In line with higher FVIII levels, bleeding rates significantly decreased in the trial, by more than 80% in the first year following gene therapy. Similar decreases were seen for different bleed types, including joint bleeds and bleeds that required treatment.

Use of prophylactic replacement therapy also fell significantly, by a mean of 98.6%. Most patients received no prophylactic therapy four weeks after treatment.

The most common side effect attributed to treatment was an increase in the liver enzyme alanine aminotransferase, reported in 85.8% of participants. This is likely due to inflammation in the liver, and it was generally managed with corticosteroids and/or other immune-suppressing medicines. Headache and nausea also were common side effects, each reported in just over 1 in 3 participants.

About 80% of the patients were treated with a corticosteroid, with roughly three-quarters experiencing corticosteroid side effects such as acne, weight gain, or insomnia.

“Fortunately, this is a short-term problem, but further investigation is needed to inform best practices for the prevention and treatment of elevations in alanine aminotransferase levels,” Thornburg wrote in the accompanying editorial.

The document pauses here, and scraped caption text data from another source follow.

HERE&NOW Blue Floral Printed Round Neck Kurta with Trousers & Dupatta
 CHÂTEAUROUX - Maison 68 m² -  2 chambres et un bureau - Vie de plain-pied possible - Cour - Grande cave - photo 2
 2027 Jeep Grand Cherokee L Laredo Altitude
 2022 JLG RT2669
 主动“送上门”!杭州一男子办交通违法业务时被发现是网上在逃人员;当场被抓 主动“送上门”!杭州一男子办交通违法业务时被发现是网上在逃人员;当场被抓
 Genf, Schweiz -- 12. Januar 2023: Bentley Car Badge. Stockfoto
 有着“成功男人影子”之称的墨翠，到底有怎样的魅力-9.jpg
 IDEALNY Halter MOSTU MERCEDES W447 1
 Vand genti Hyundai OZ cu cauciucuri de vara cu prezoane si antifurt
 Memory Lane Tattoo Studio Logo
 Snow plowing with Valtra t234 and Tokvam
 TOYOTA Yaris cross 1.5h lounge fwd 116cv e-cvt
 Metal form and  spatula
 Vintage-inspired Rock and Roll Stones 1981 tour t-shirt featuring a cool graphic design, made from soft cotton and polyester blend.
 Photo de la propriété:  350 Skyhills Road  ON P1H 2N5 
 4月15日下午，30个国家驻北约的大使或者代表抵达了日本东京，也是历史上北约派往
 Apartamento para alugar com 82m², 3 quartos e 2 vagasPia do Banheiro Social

No one died or withdrew from the study due to side effects. Five participants experienced serious adverse events deemed to be related to gene therapy — most commonly, very high alanine aminotransferase levels — seven had an allergic reaction to the therapy, and three had serious infusion reactions. These events generally were managed with supportive therapies and other care.

“Effective mitigation strategies [for these adverse treatment effects] included slowing the initial infusion rate, pausing the infusion when necessary, providing supportive care, and extending observation after the infusion,” the researchers wrote.

GENEr8-1 is due to conclude in November 2024.

An application seeking Roctavian’s approval to treat severe hemophilia A is under review in the European Union, with a decision expected around mid-year. Authorities in the EU and the U.S. had rejected earlier applications based on early six-month GENEr8-1 data, requesting longer-term results.

“If approved, this first-generation gene therapy would offer a new choice for care that could be truly transformative and liberating for eligible men with hemophilia,” Thornburg wrote.

“More investigation is needed for children and women with hemophilia and for persons currently excluded because of preexisting AAV [viral vector] immunity, factor VIII inhibitors, liver disease, or HIV infection,” she added.